= Kevin Hanson =

Canadian basketball coach (born 1964)

Kevin Lyle Hanson (born January 18, 1964) is a Canadian basketball coach, who served as head men's basketball coach at the University of British Columbia from 2000 to 2025.

==Career==
===Player===
Hanson played at Seaquam Secondary School in North Delta, British Columbia before joining the Falcons of Langara College. He earned Langara outstanding male athlete and CCAA All-Canadian honours in 1984. After two years at Langara, he transferred to the University of British Columbia in 1984. He reached the CIAU Championship Game with UBC in 1987, falling short to Brandon, while Hanson earned Tournament All-Star Team that year.

===Coach===
Hanson began his coaching career with assistant coaching stints at Vancouver Community College (1987–88), Simon Fraser University (1988-89) and the University of British Columbia (1990–91). During his nine-year tenure as head coach of Langara College (1991-2000), Hanson steered the Falcons to two CCAA National Championships (1998, 1999), two CCAA silver medals (1992, 1995), Pacwest Provincial Championships in 1992, 1995, 1997, 1998 and 1999 as well as to a total of 261 wins.

He was appointed head coach of the University of British Columbia men's basketball team in 2000. He guided UBC to the CIS Championship Game in 2009 and 2010, where his Thunderbirds fell short to Carleton and Saskatchewan respectively.
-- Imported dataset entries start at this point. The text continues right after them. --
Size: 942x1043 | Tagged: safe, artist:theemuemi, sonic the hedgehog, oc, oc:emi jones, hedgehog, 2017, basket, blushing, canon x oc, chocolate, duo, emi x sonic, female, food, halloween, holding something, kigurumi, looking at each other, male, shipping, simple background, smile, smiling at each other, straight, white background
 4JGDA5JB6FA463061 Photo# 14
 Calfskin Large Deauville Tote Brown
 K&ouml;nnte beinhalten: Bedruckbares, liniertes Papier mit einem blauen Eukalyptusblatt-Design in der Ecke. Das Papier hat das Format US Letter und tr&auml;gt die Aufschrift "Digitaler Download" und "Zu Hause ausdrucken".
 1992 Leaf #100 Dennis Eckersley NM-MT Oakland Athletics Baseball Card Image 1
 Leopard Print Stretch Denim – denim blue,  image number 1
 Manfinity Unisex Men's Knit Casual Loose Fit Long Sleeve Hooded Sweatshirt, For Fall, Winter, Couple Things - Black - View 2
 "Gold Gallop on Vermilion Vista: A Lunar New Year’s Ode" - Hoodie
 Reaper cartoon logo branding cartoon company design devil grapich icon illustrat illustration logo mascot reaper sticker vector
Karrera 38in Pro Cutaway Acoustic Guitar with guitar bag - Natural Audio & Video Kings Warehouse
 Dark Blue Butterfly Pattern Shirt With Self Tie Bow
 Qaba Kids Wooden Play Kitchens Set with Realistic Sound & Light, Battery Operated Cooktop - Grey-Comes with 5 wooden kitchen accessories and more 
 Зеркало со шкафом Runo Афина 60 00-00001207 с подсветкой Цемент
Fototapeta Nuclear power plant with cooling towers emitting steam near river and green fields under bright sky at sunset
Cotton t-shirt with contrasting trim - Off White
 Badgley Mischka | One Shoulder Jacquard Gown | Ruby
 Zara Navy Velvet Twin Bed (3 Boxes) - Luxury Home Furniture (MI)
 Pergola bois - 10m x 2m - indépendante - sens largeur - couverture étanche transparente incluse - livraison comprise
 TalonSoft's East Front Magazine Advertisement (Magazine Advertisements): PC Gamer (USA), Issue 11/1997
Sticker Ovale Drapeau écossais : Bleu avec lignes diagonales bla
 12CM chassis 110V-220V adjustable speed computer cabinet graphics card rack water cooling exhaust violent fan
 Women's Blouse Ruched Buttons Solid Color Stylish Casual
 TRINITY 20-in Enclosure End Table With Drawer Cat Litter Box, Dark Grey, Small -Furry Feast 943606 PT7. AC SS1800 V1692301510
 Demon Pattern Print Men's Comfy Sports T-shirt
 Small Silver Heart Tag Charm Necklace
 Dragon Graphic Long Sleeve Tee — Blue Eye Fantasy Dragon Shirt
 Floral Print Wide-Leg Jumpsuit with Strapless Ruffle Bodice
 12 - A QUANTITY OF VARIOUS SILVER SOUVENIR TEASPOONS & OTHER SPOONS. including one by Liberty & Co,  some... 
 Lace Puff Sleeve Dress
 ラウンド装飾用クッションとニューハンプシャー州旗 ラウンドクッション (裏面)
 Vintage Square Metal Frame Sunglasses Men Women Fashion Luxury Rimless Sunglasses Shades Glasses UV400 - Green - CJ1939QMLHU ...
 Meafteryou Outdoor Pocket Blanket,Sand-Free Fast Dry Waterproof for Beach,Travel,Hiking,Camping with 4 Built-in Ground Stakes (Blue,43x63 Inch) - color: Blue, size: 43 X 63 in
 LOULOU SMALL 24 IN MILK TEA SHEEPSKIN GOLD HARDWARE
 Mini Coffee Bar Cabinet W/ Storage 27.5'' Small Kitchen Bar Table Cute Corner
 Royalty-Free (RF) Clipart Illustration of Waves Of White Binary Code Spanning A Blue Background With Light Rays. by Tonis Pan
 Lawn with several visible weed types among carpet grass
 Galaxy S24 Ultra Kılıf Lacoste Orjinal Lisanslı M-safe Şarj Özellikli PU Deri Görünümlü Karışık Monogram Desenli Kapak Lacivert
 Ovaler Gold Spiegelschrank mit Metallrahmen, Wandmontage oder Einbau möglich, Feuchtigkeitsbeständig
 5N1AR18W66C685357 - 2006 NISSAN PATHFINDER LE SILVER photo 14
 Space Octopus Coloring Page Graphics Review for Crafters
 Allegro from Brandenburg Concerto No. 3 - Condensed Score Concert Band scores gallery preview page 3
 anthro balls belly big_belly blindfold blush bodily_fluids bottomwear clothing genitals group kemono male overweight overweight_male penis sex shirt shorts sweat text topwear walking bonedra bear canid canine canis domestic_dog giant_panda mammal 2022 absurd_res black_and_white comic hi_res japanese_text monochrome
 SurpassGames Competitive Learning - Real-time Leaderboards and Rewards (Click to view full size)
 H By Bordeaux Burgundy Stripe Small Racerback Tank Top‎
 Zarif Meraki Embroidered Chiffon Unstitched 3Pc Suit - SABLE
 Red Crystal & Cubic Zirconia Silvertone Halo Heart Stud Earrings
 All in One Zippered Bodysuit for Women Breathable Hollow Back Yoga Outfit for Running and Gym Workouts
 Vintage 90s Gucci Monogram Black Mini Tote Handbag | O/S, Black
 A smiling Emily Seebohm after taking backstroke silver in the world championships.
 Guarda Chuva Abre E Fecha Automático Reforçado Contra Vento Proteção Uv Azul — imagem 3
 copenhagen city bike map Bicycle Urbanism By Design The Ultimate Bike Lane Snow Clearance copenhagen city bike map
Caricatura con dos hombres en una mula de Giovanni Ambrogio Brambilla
In 2003, 2007, 2008, 2011, 2013 and 2020, he coached UBC to Canada West Championships. Hanson was presented with the Stuart W. Aberdeen Memorial Trophy (CIS Coach of the Year) in 2006 and 2010 and earned Canada West Coach of the Year distinction in 2002, 2006, 2009, 2010, 2011 and 2017.

Hanson retired as University of British Columbia head coach in May 2025. In his 20-year stint, he led the team to 614 victories, including a record-breaking 378 in Canada West regular season play. In 2025, he was inducted into the Canadian Collegiate Athletic Association Hall of Fame. After stepping down as head coach, Hanson was named Senior Advisor, Basketball Operations at the University of British Columbia.

====National team====
Hanson was the head coach of Team Canada at the 2003, 2005, 2011 and 2017 University Games, guiding the squad to silver in 2011 and a bronze medal in 2003. In the summer of 2006, he served as guest coach at Canada's men's national team camp. In 1997, he coached the British Columbia under-19-boys team to gold at the Canada Summer Games. As an assistant coach of the Canadian team, he won a silver medal at the 2018 Commonwealth Games in Gold Coast, Australia.

==Personal life==
His wife Theresa held senior leadership positions within the athletics department at the University of British Columbia, before being named senior director of athletics and recreation at Simon Fraser University in October 2015.